What you are asked to do:
Exact repetition of a range: find the line containing "Cozy dining area" and the line containing "Fire skuespillere opptrer" in the material below, then repeat both and all lines between them, leaving pictures out.

-- Excerpted data follows --

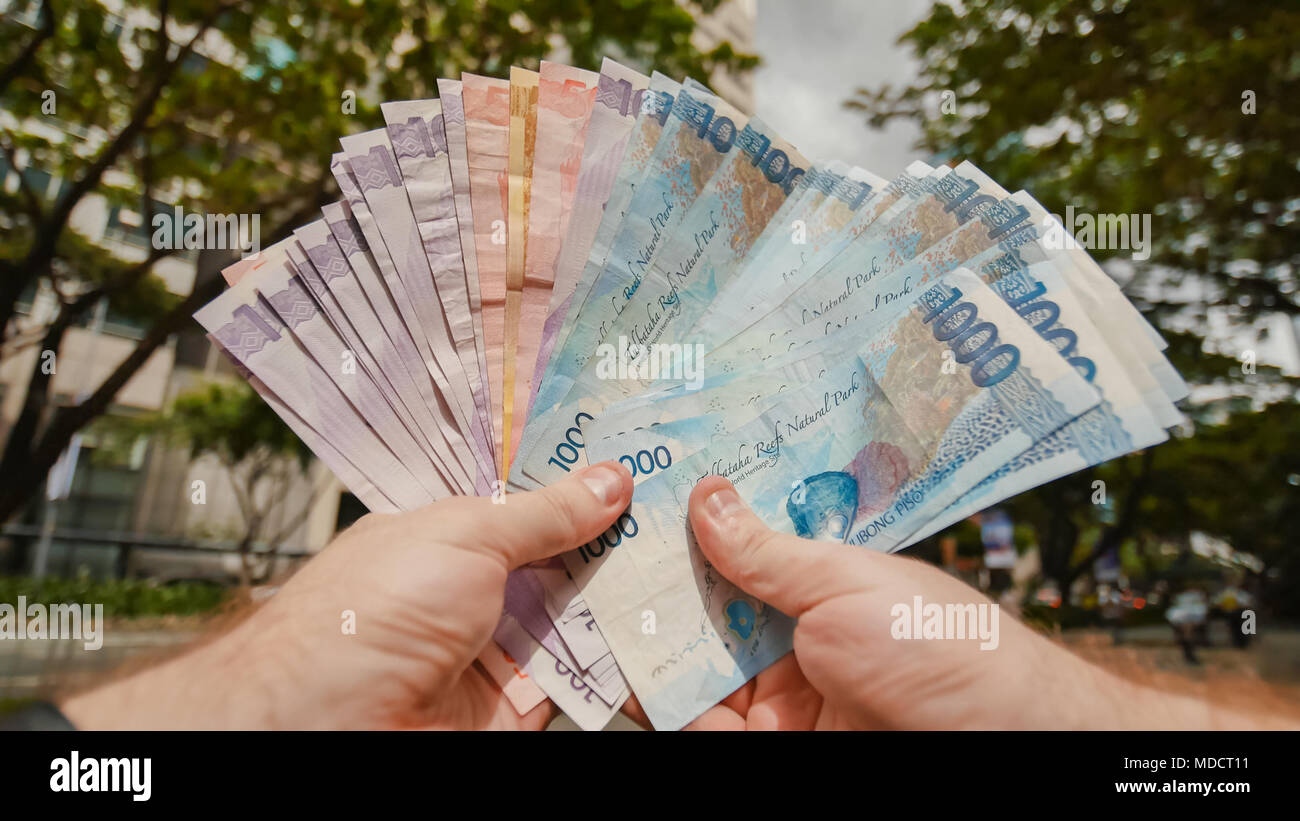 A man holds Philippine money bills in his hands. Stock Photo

-- Excerpted data concluded --
-- Excerpted data follows --

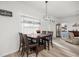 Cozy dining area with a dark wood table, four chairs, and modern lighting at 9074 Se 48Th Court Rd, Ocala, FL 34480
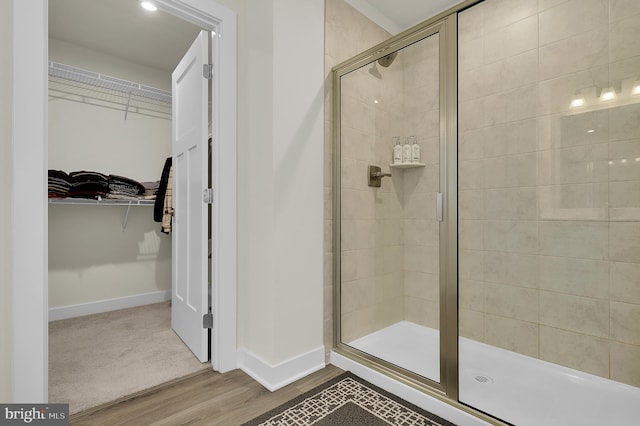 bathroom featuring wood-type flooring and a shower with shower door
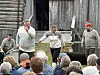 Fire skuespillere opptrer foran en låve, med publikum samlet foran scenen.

-- Excerpted data concluded --
-- Excerpted data follows --

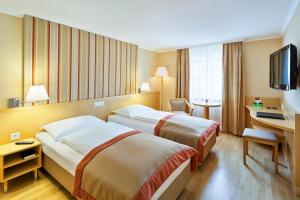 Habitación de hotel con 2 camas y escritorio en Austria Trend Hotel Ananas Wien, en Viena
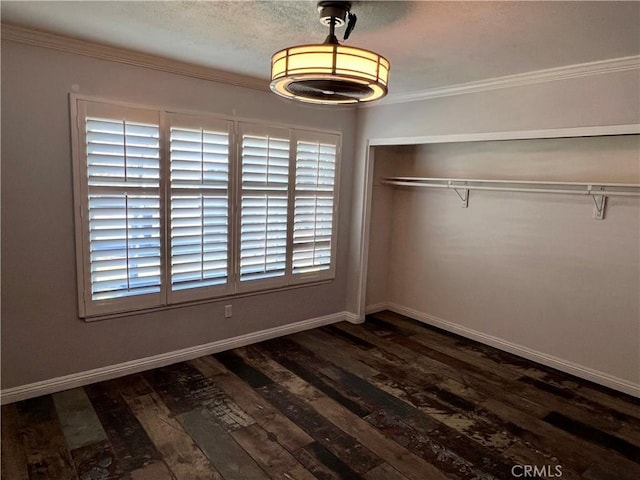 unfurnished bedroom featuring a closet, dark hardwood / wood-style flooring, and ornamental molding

-- Excerpted data concluded --

Reply:
 Cozy dining area with a dark wood table, four chairs, and modern lighting at 9074 Se 48Th Court Rd, Ocala, FL 34480
 bathroom featuring wood-type flooring and a shower with shower door
 Fire skuespillere opptrer foran en låve, med publikum samlet foran scenen.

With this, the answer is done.